--- TASK GOAL ---
Within the entries below, please return exactly the lines from the one with "The third way" through the one with "Then choose a", leaving out any pictures.

--- LISTED ENTRIES ---
◆ ◆ ◆
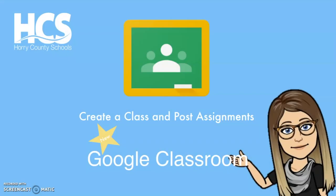Hi there! Kerry here. In this tutorial, we're going to show you how to create a class and post assignments in Google Classroom.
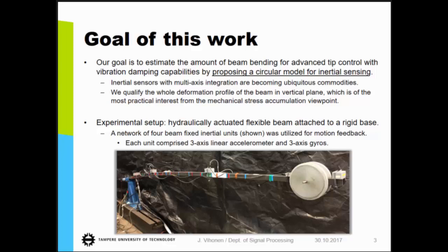So here's our experimental setup. We basically had a hydraulically actuated flexible beam attached to a rigid base. It shows on the picture that there is a network of four beam-fixed inertial units, which provided us the motion feedback. Each of these units comprised a three-axis linear accelerometer and three-axis gyro. We quantified the deformation profile of the beam in a vertical plane, which is from the viewpoint of load lifting and lowering operations of the most practical interest, and is obviously related to the accumulation of mechanical stress.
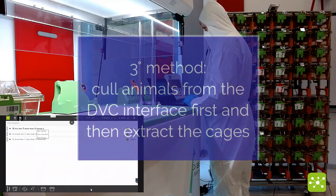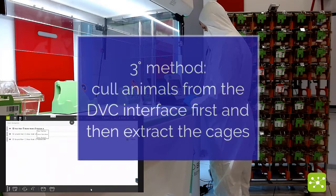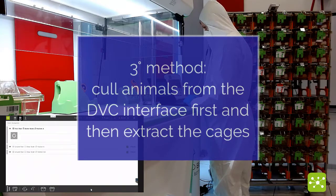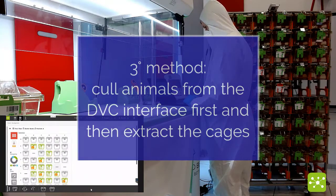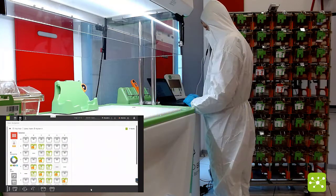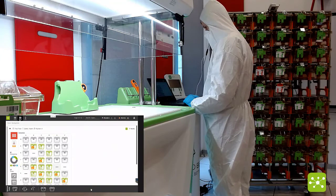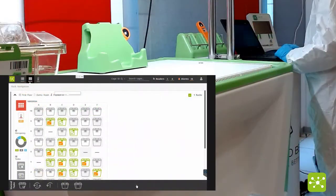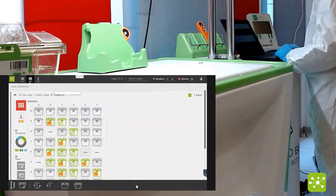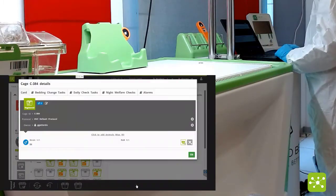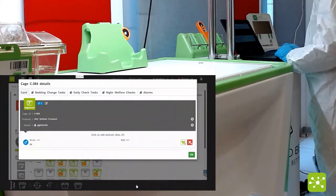The third way to eliminate a cage is simply opening the rack view in the interface, selecting the corresponding registered cage, and opening it in the interface.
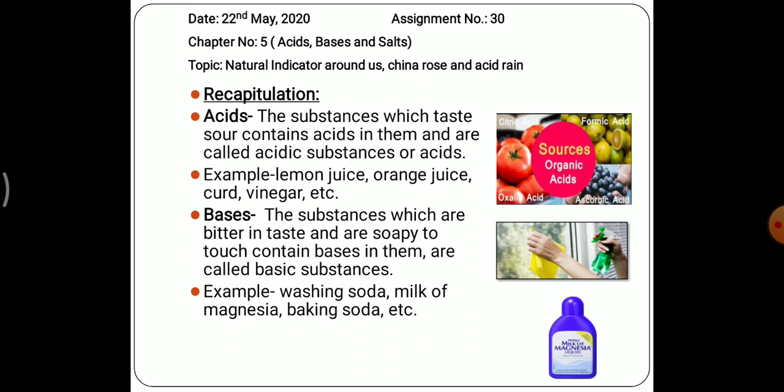Coming to bases — what are bases? The substances which taste bitter are bases, and when we touch them they feel soapy. For example, washing soda, milk of magnesia, and baking soda are all examples of bases.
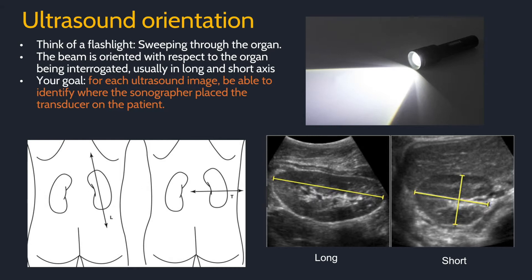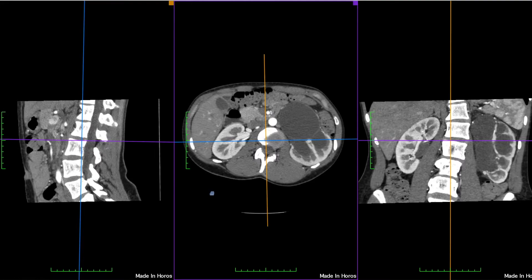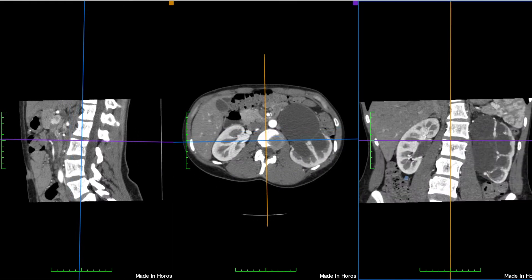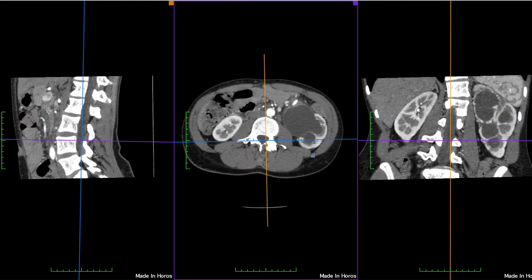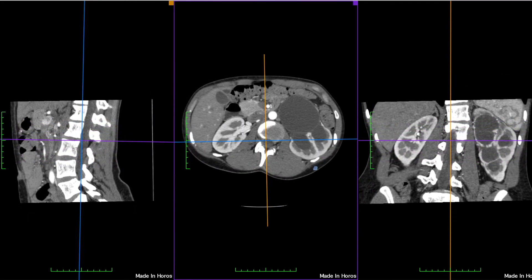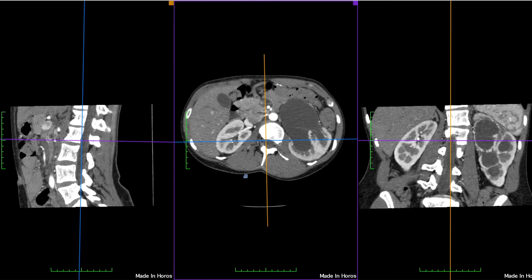Your goal for each ultrasound image you see is to roughly identify where the sonographer placed the transducer on the patient's body. Here is a CT of an abdomen in sagittal, axial, and coronal — we look through CT orthogonally. Although ultrasound can see many of the same organs, it looks at the organs differently. Ultrasound acts more like a flashlight, and we can demonstrate the difference on a multiplanar CT.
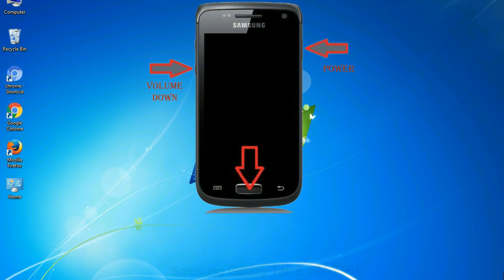To boot into download mode, press and hold volume down key, home key and power key. When phone vibrates leave the power key but keep holding the volume down key and home key. You will boot into the download mode.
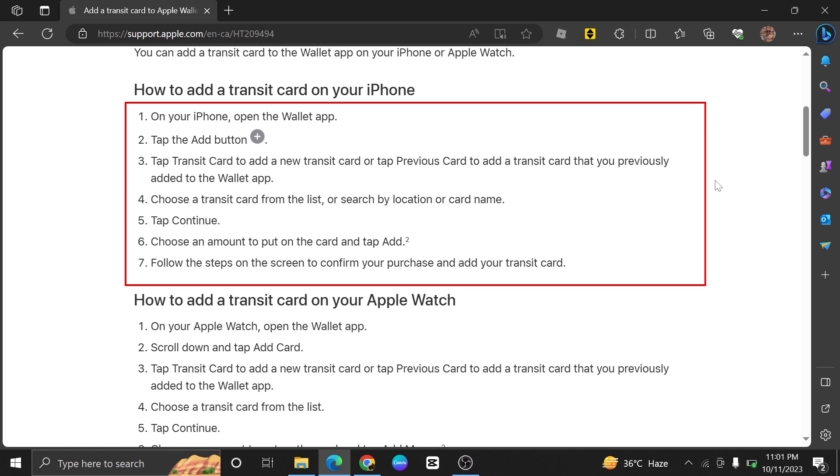Then choose a Transit Card from the list or search by a location or card name. Right after that, tap on Continue.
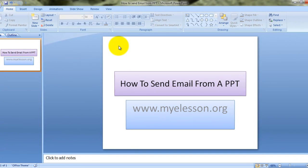Hello everybody and welcome to my e-listen. I am your guru and today I am going to tell you how to send an email directly from a Microsoft PowerPoint presentation. Cool, right? Yes, it's very easy to do.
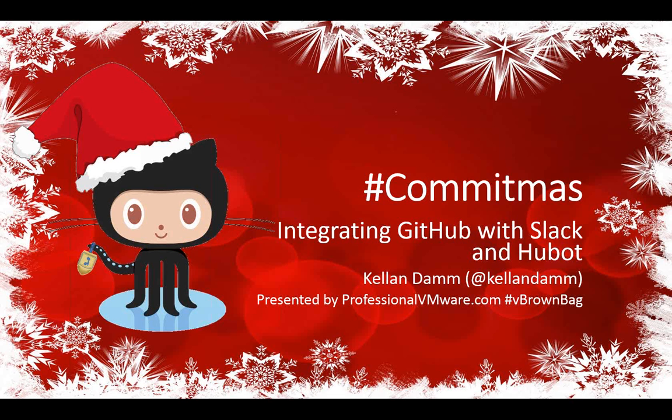Good evening, everyone, and welcome to another episode of Commitmas. Tonight, we have Kellen Dam on with us. You can find him at Kellen Dam on Twitter. He's going to be talking about integrating GitHub with Slack and Hubot. Hopefully, we've got that pronunciation right. If not, I'm sure somebody on the Internet will figure out we're wrong and let us know.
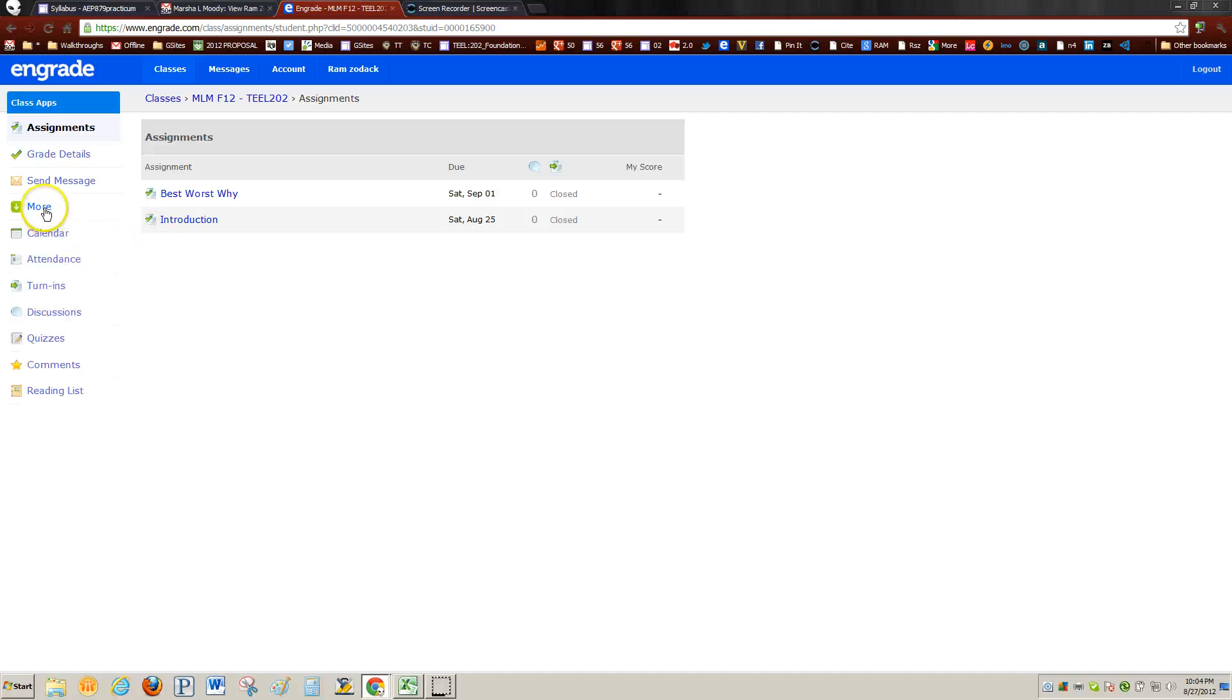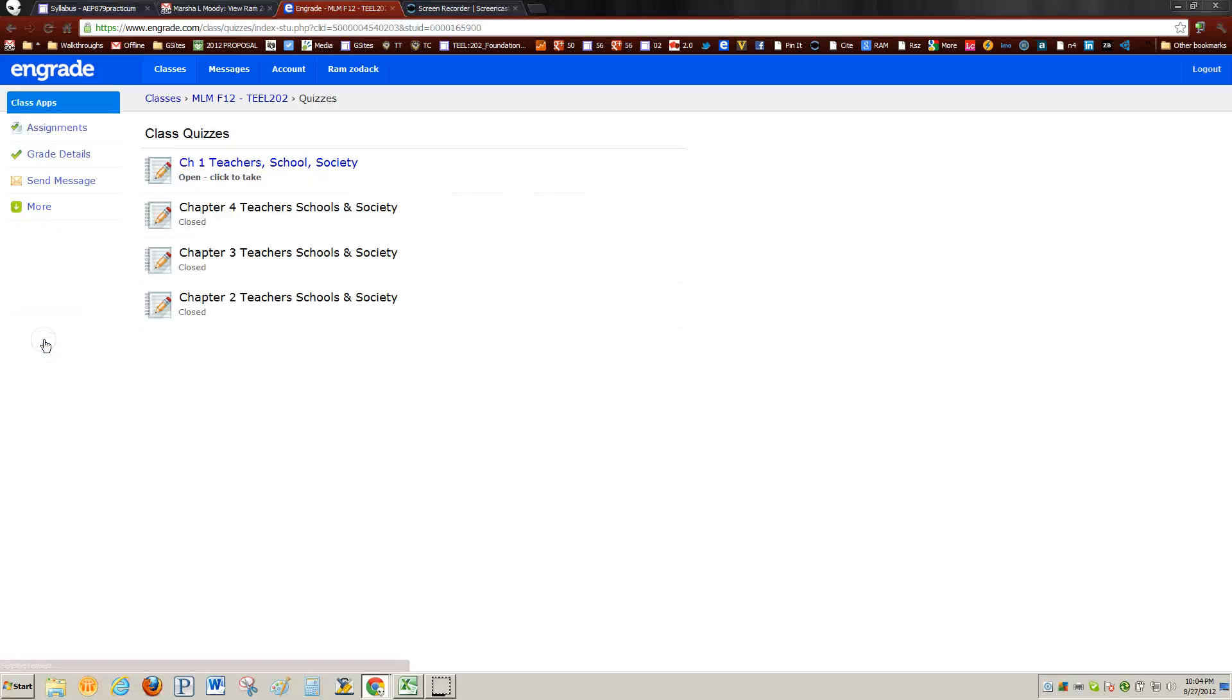But I'm worried about a quiz, so I'm going to come over here and drag my mouse over More, drag down to Quizzes, and I'm going to click Quizzes. The quizzes that have been uploaded so far are one through four, but looks like two, three, and four are closed, and the only one I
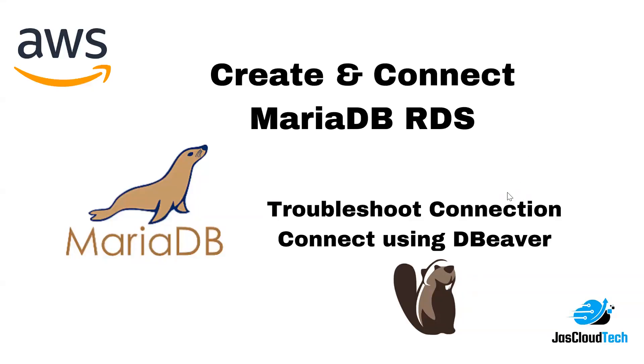Hi there, welcome to my channel. In today's video I'll be showing you how we can create and connect to a MariaDB relational database. I'll also show you what are the issues or problems that you can face while establishing a connection.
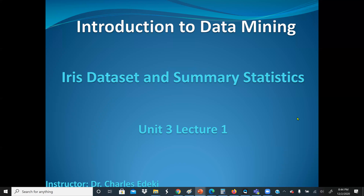Welcome to Introduction to Data Mining course. In this lecture, we're going to discuss summary statistics and we are going to use the IRIS data set to explain it.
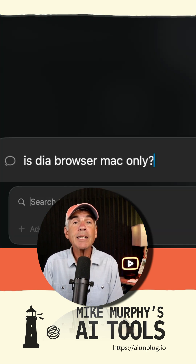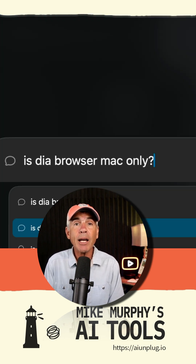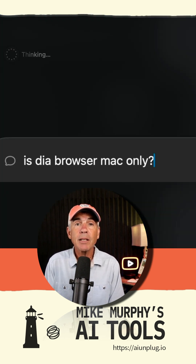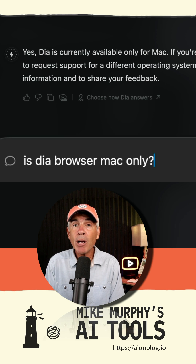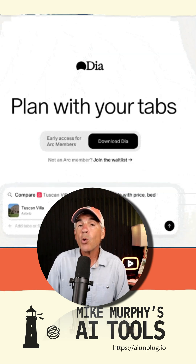Just as an FYI, at this time, Dia Browser is Mac only.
◆ ◆ ◆
--- RESPONSE AREA ---
The third way to eliminate a cage is simply opening the rack view in the interface, selecting the corresponding registered cage, and opening it in the interface.
Coming to bases — what are bases? The substances which taste bitter are bases, and when we touch them they feel soapy. For example, washing soda, milk of magnesia, and baking soda are all examples of bases.
Your goal for each ultrasound image you see is to roughly identify where the sonographer placed the transducer on the patient's body. Here is a CT of an abdomen in sagittal, axial, and coronal — we look through CT orthogonally. Although ultrasound can see many of the same organs, it looks at the organs differently. Ultrasound acts more like a flashlight, and we can demonstrate the difference on a multiplanar CT.
To boot into download mode, press and hold volume down key, home key and power key. When phone vibrates leave the power key but keep holding the volume down key and home key. You will boot into the download mode.
Then choose a Transit Card from the list or search by a location or card name. Right after that, tap on Continue.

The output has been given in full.